TO DO: Output the listing below verbatim, without images.

SUPPLIED INFORMATION:
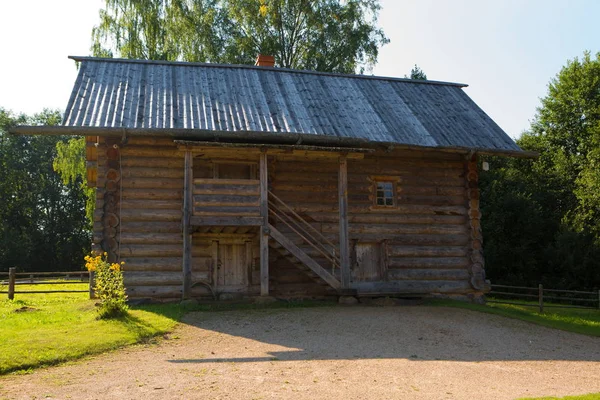 Dřevěná Konstrukce Louce Roubené Chalupy — Stock fotografie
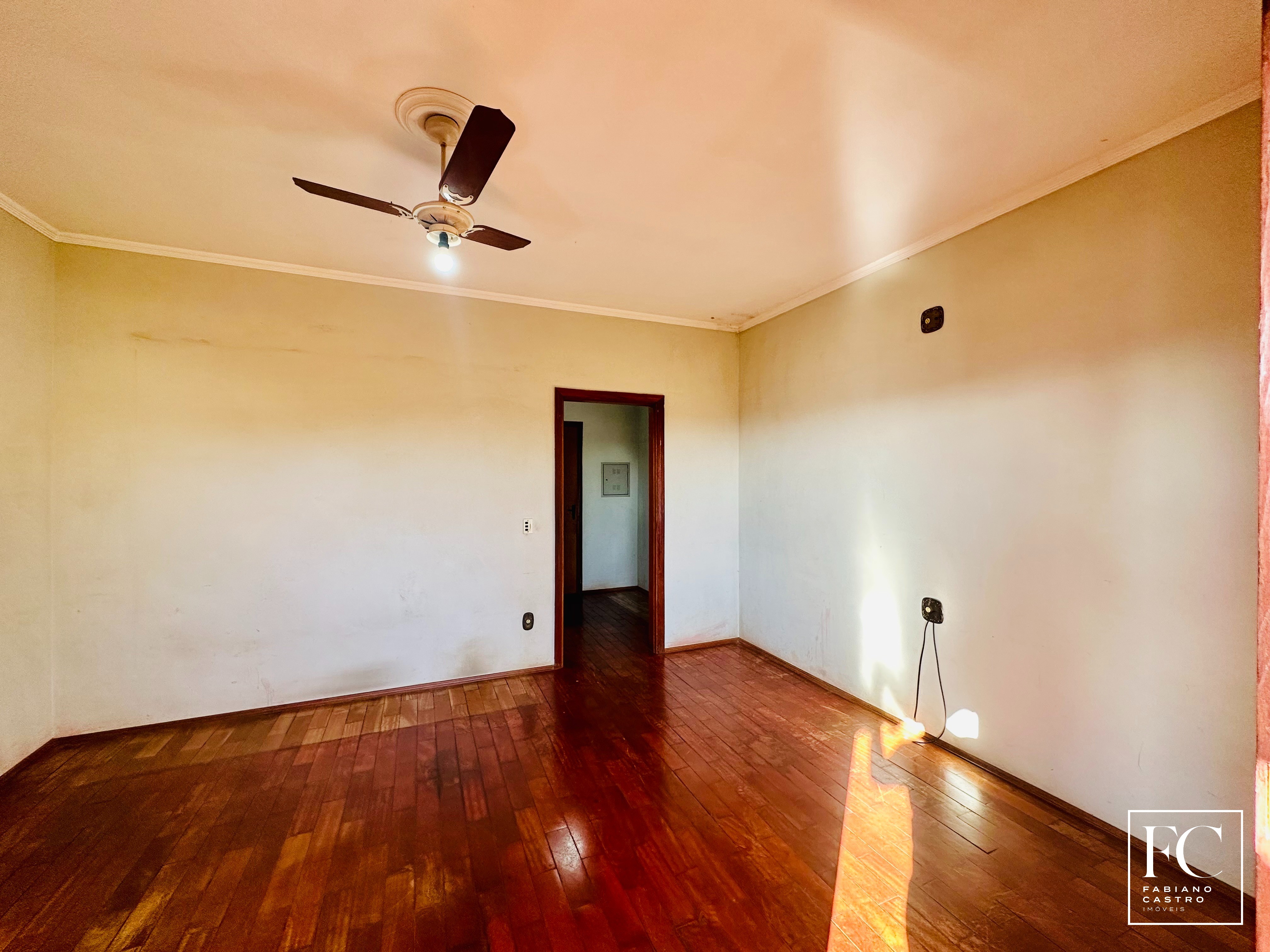 Casa com 3 quartos à venda — foto 18 de 32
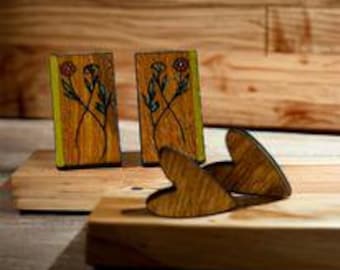 Juego de pendientes de madera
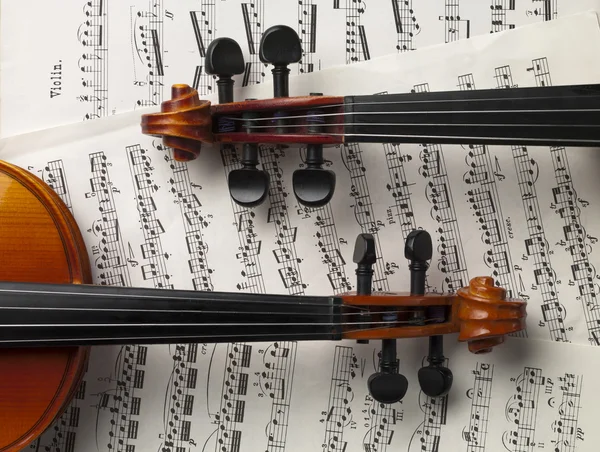 Zwei Geigen mit Notenblättern — Stockfoto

RESPONSE TO THE EXERCISE:
 Dřevěná Konstrukce Louce Roubené Chalupy — Stock fotografie
 Casa com 3 quartos à venda — foto 18 de 32
 Juego de pendientes de madera
 Zwei Geigen mit Notenblättern — Stockfoto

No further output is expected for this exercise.